Postby Amber G. » 24 May 2023 01:55

^^^In the middle is Prof Robert Marshak. Photo, I think was taken, in Rochester.
He worked in Manhattan Project (atom bomb)..(Shock waves as a result a nuclear explosions are known as Marshak waves). Apart from High-energy physics, he also worked in quantum optics.

U of R around when the photo was taken had famous Indian Scientists CL Mehta and George Sudarshan who worked with him. (I knew Prof Marshak and these guys pretty well).

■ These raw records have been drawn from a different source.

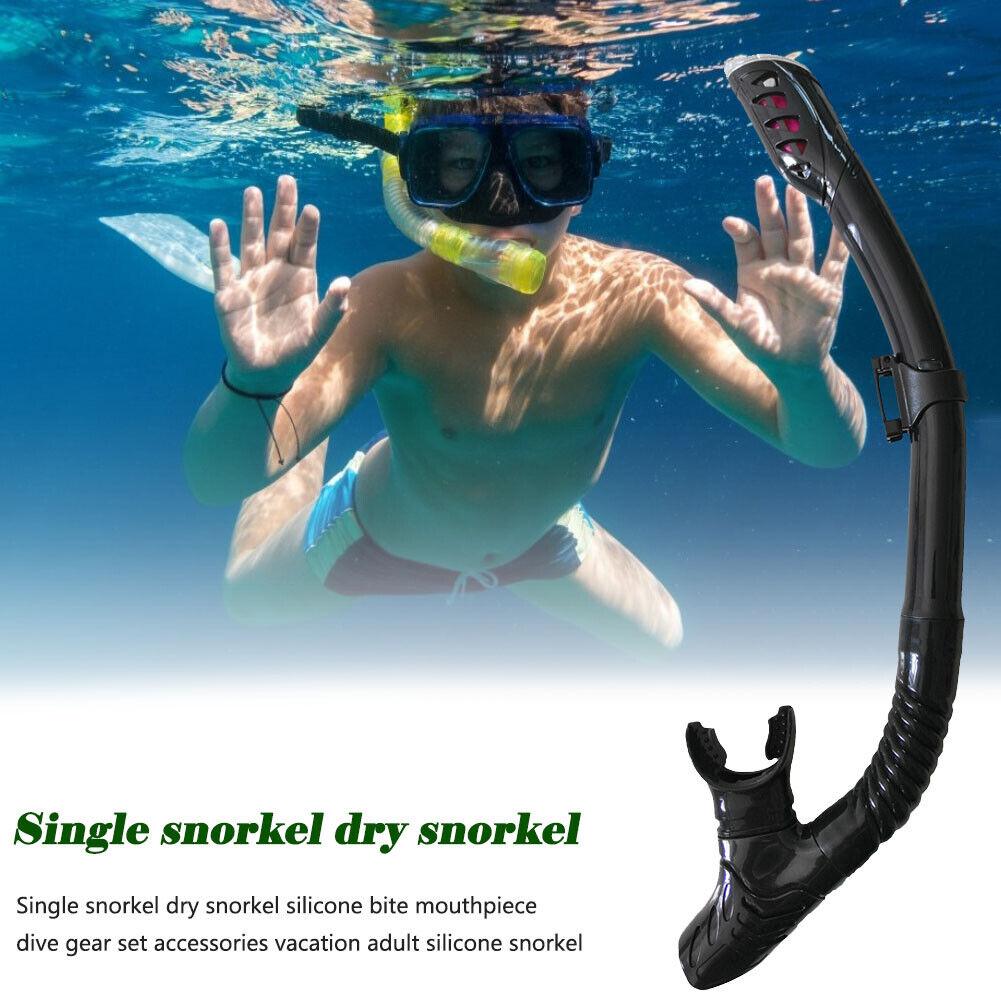 Swimming Breathing Tube - Dry Snorkel-Diving Snorkel For Scuba Diving Freediving Snorkeling With Top Dry Valve And Comfortable Mouthpiece Snorkel Swimming - Tophatter Daily Deals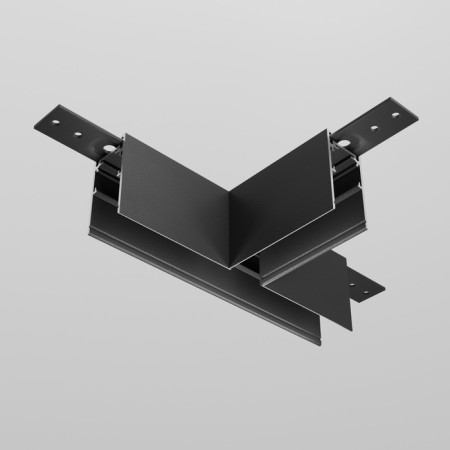 Connector T-shaped for the Technical Trahnical Tract-41b, 17.4x10x5.2 cm, black color black-1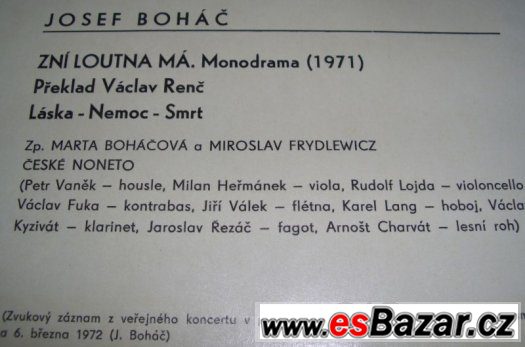 LP:  Oldřich FLOSMANN / Josef BOHÁČ - 1972 – fotografie 4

George Sudarshan missed the Nobel, because the famous paper which Sudarashan presented at the conference but Marshak did not publish it in time (Marshak was Sudarsahn's adviser) and credit went to Feynman (who did win Nobel for that work which Surdarsan did before them. (Feynman did not know about Surdarshan's work and worked independently but later acknowledged and gave credit to Surdrashan)

From Wiki:
In 1957, Marshak and George Sudarshan proposed a V-A ("vector" minus "axial vector") Lagrangian for weak interactions, which eventually paved the way for the electroweak theory. This theory was later presented by Richard Feynman and Murray Gell-Mann, which later contributed to each winning a Nobel Prize in Physics. Sudarshan stated that Gell-Mann had learned the theory from him at the Rochester Conference. Similarly, Richard Feynman learned about the theory from a discussion with Marshak in a conference. Feynman acknowledged Marshak and Sudarshan's contribution in 1963 stating that the V-A theory was discovered by Sudarshan and Marshak and publicized by Gell-Mann and himself.

Amber G.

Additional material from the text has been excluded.